T. Jantre. “Extract of a Letter.” The Boston Investigator, 1600 (Jan. 22, 1862): 293. The author believes that “Murray, and the other fanatics associated with him in this movement [abolitionism], are crazy people, and the President couldn’t do a better thing for the country in this crisis, than to ship them all off to Africa in the ‘stone fleet’ and keep them there for the rest of their natural lives. . . . Let there be one journal in whose columns the trail of the black serpent may not be constantly visible, and let Murray and his misguided crew seek a more congenial medium through which to pour their rabid effusions.” To which the editor replies, “As for Abolitionism, though we never thought so much of it as he [Murray] does, yet as we are in favor of free speech, we do not see that we can consistently refuse him a hearing.”

G.E. “The Slave Power.” The Boston Investigator, 1610 (Apr. 2, 1862): 371. The author begins by lamenting the cry from “Infidel” subscribers to stop their paper because they do not wish the question of slavery to be discussed. The author adds, “If we have an “institution” in our country that cannot withstand free discussion, we had better get rid of it as speedily as possible, or else give up the liberty of speech and press, and adopt a controlling despotism.”

Jno. C. Campbell. “The Negro and the War.” The Boston Investigator, 1617 (June 4, 1862): 34. Campbell renews his subscription and explains why he is for the union but not the negro. In a footnote, the editor warns, “unless we can tolerate a difference of opinion without losing our tempers, we are no better in that respect than Christians. . . . If we Infidels cannot boast of much else, let us show that we are in favor of free discussion, and mean to maintain it consistently and at all hazards.”

“Please Discontinue.” The Boston Investigator, 1633 (Sept. 24, 1862): 166. In response to a request that the Investigator be discontinued given its views on slavery, the editor replies that “it surpasses our comprehension how any Infidel . . . . can object to [Thomas Paine’s] self-evident maxim” that, “man has no right to hold property in man.”

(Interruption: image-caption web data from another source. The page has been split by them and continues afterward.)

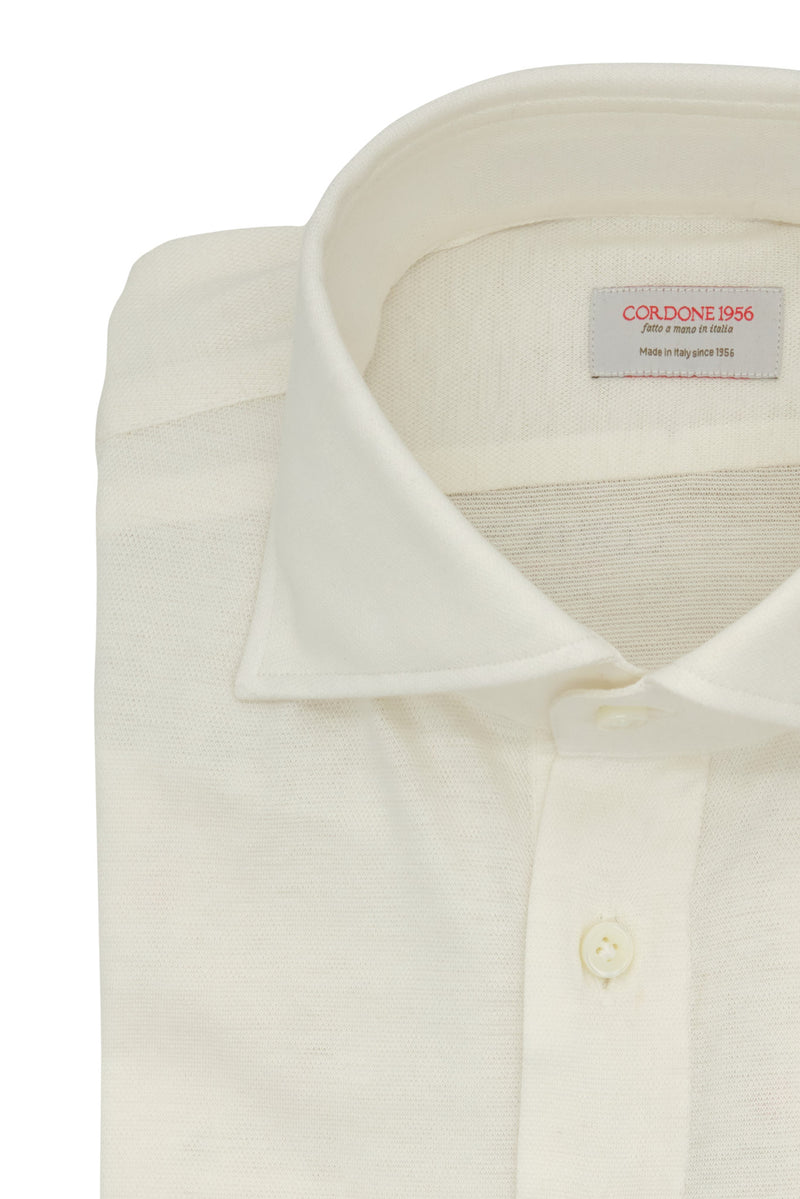White Polo Shirt  - Silk Cotton - Handmade in Italy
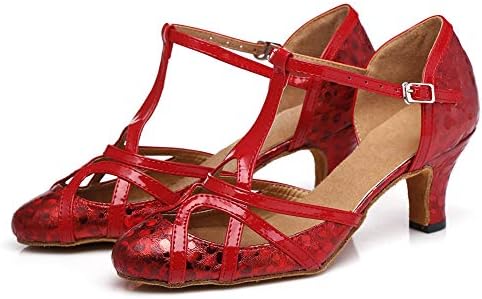Женски сјајни сјајни салса танго салата за латински свадбени чевли со ниска потпетица 6 см, црвена, модел 2040, 6 б САД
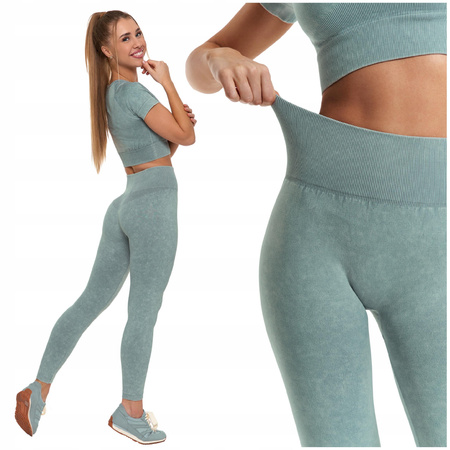 Legginsy Damskie Sportowe Wysoki Stan Kryjące Elastyczne Wygodne MORAJ 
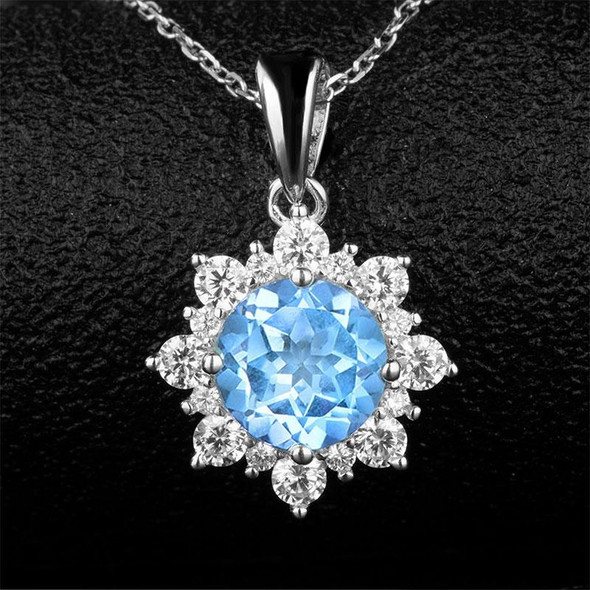 3 PCS/Set Snow Shape Gemstone Jewelry Set For Women, Ring Size:10(Blue)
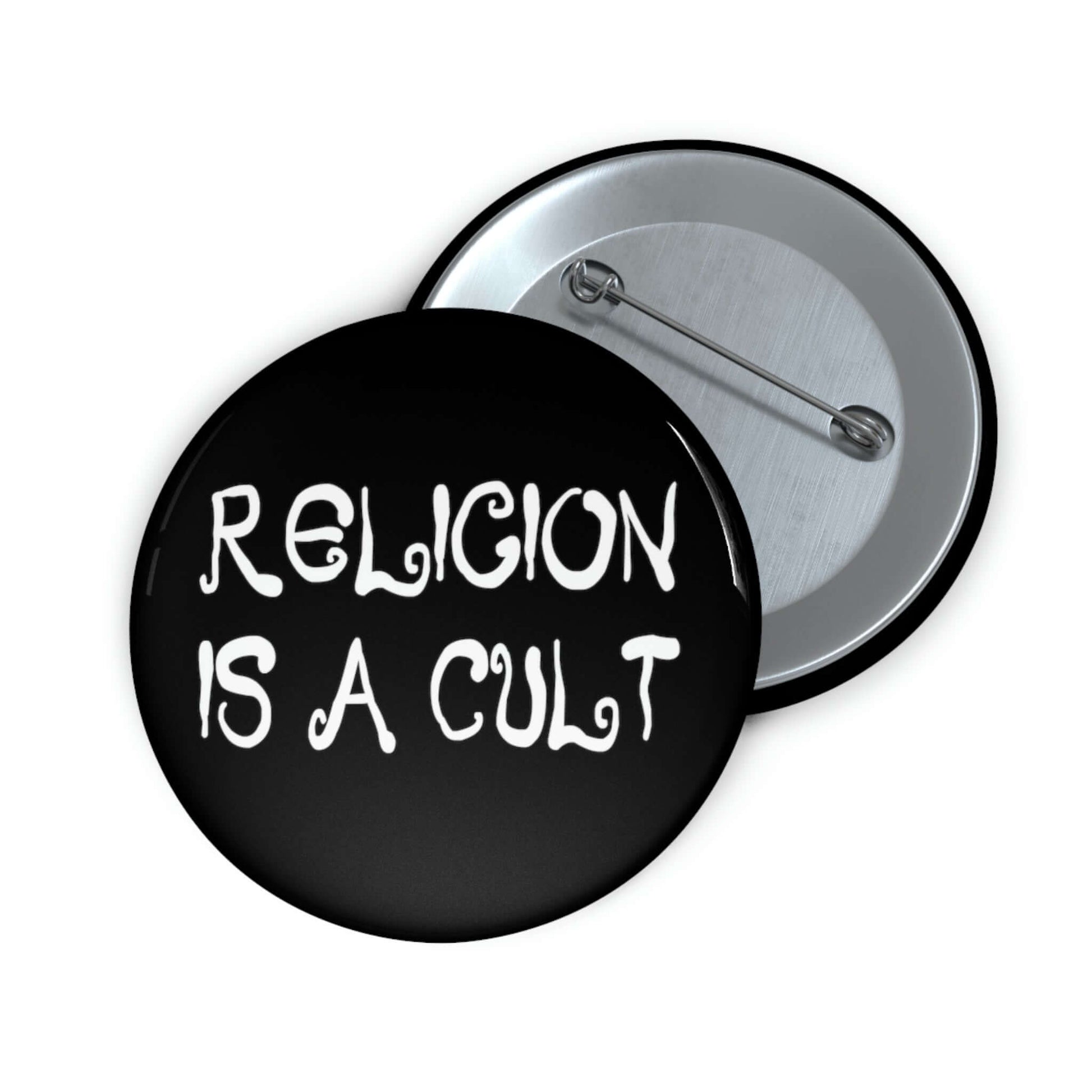 Religion is a cult pinback button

“A Free and Independent Press.” The Boston Investigator, 1634 (Oct. 1, 1862): 172. Here featured is a letter from S. Robb in which he asks, “How could a paper, maintaining the freedom of the mind, be favorable to the bondage of the body? The thing is impossible with any degree of consistency. We might just as well talk of the freedom of locomotion with our hands and feet in fetters. Your paper must therefore be an advocate of both physical and mental liberty – not in any party or restricted view, but upon the broad and liberal ground of universal humanity. Who can reasonably object to this? Where is the man who really desires that the only “Infidel paper” in the country should stand upon any other platform?”

“Stop my Paper.” The Boston Investigator, 1680 (Aug. 26, 1863): 125. In a letter to the editor, James Phillips reveals, “I have been a constant subscriber of your journal from its commencement, and should probably have continued so for life, if it had been conducted on first principles – opposition to priestcraft. I have opposed the Christian superstition as worse than useless for forty years, but I believe the combined powers of religion could not have inflicted so great a curse in a thousand years on this country as abolitionists in power have inflicted in the last two years.”

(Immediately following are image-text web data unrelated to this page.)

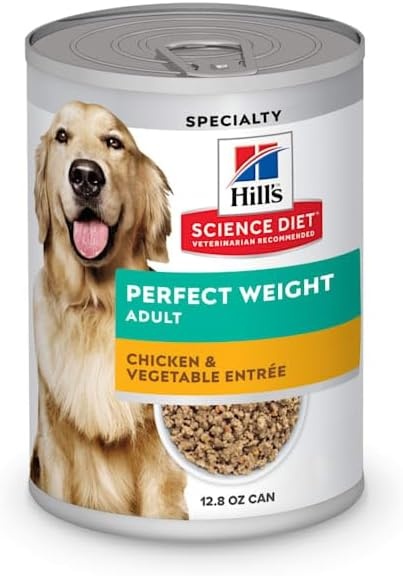 image:imageHills Science Diet Adult Perfect Weight Wet Dog Food Hearty Vegetable amp Chicken Stew 125 oz Cans 12PackChicken Vegetables Loaf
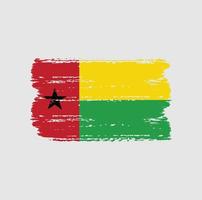 Flag of Guinea Bissau with brush style vector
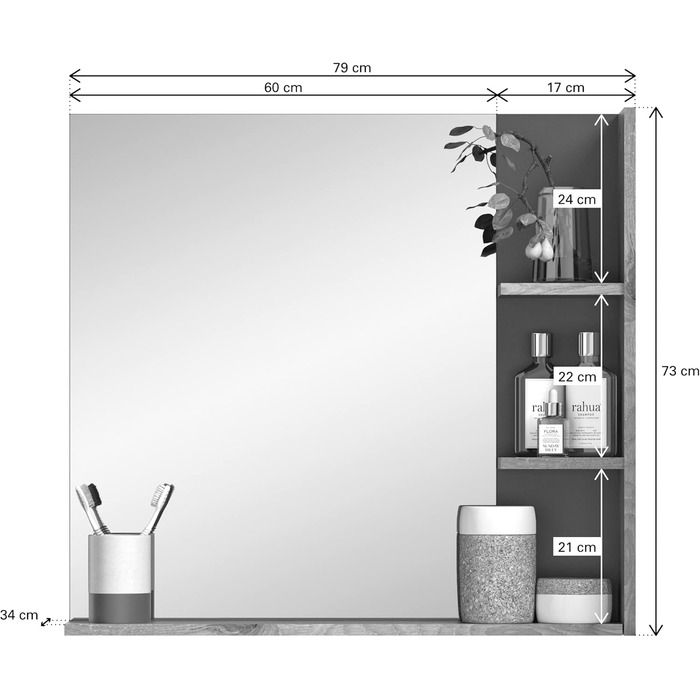Дзеркало для ванної xonox.home Mason з полицею, 79x73x14 см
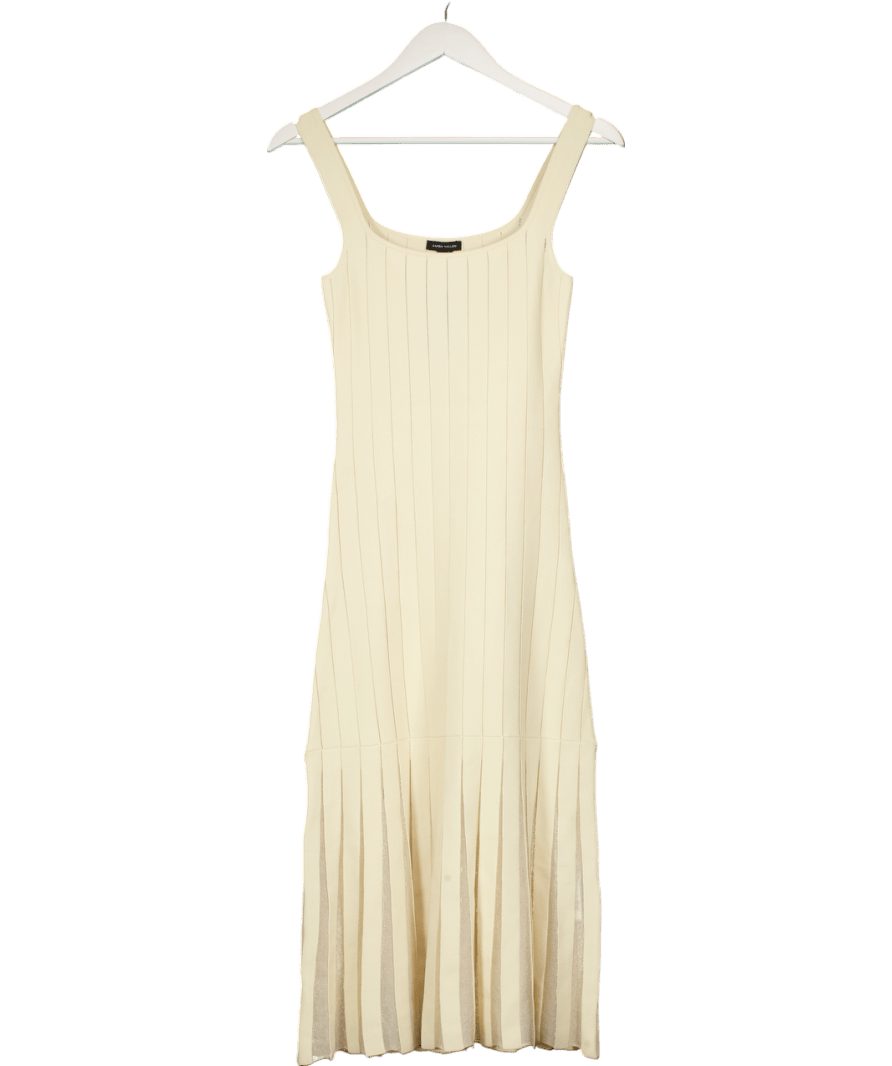 Karen Millen Cream Compact Stretch Square Neck Knitted Flippy Dress UK XS - Reliked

Orson S. Murray. “Two or Three Things.” The Boston Investigator, 1703 (Feb. 3, 1864): 305-06. Murray contends that “all those who are opposed to this discussion [of slavery in the Investigator] are opposed to the abolition of slavery. They don’t want that crime and curse purged from the Constitution and the country. They who don’t want this discussion in the Investigator don’t want it anywhere. They who don’t want it “now,” never have wanted it, at anytime. These are they who impute the war to this discussion- thus virtually conceding that those who began the war began it as a war upon discussion- began it to build up a system that can prosper, can exist, only by suppressing speech, suppressing thought, suppressing in the masses all aspiration to freedom and enjoyment of the rights and immunities of manhood.”